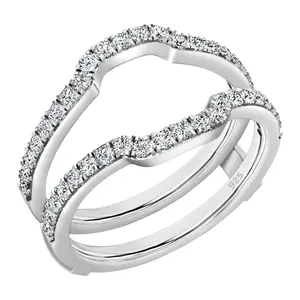 Dazzlingrock Collection Cubic Zirconia Wedding Band Enhancer Guard Ring for Women (0.50 ctw, Color White, Clarity Clean) in 925 Sterling Silver Size 7.5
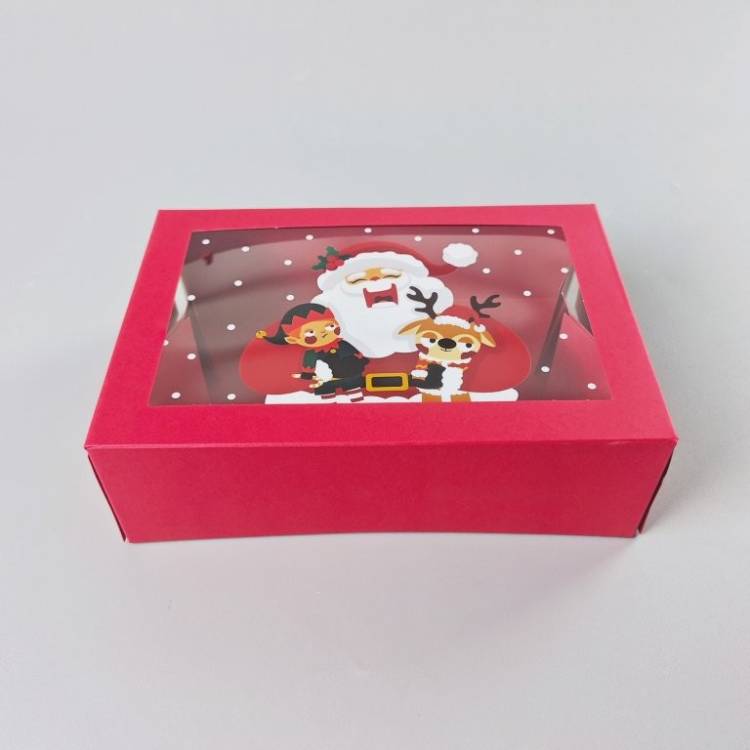 Vánoční dárková krabice červená s okénkem Santa, skřítek a sobík (22,3 x 15,1 x 7,1 cm)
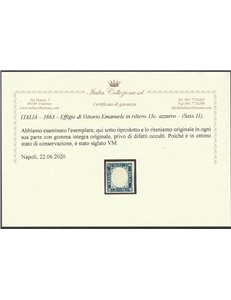 Italia 1863 - Effigie di Vittorio Emanuele in rilievo 15 c. azzurro. Cert.: Italia Colleziona. Cat. € 360 (**)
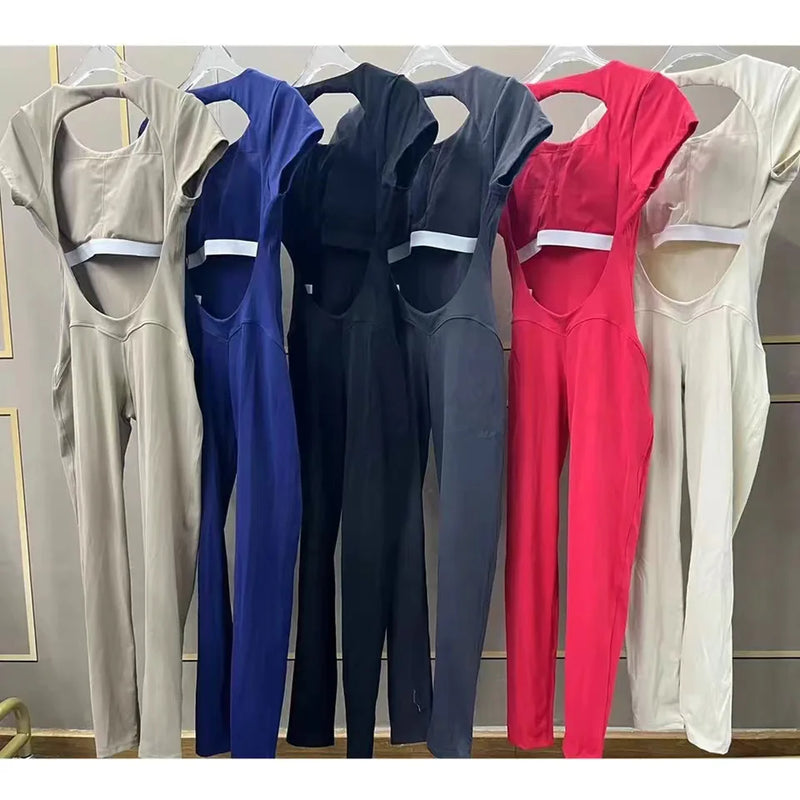 Luna Yoga Jumpsuit with Breathable & Flexible Design-Red-S-State of Style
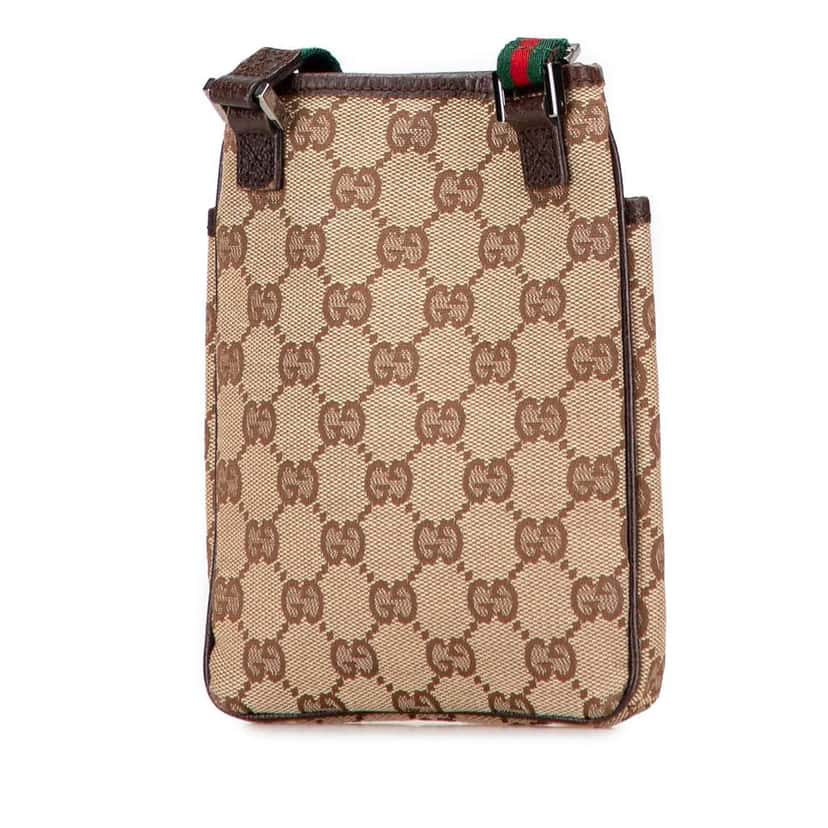 Gucci GG Canvas Web Crossbody Brown Canvas Good condition - Back View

▬▬▬▬▬▬

What to do. Everything in the data except the pictures must appear in your answer unchanged.

Answer space.
 Dazzlingrock Collection Cubic Zirconia Wedding Band Enhancer Guard Ring for Women (0.50 ctw, Color White, Clarity Clean) in 925 Sterling Silver Size 7.5
 Vánoční dárková krabice červená s okénkem Santa, skřítek a sobík (22,3 x 15,1 x 7,1 cm)
 Italia 1863 - Effigie di Vittorio Emanuele in rilievo 15 c. azzurro. Cert.: Italia Colleziona. Cat. € 360 (**)
 Luna Yoga Jumpsuit with Breathable & Flexible Design-Red-S-State of Style
 Gucci GG Canvas Web Crossbody Brown Canvas Good condition - Back View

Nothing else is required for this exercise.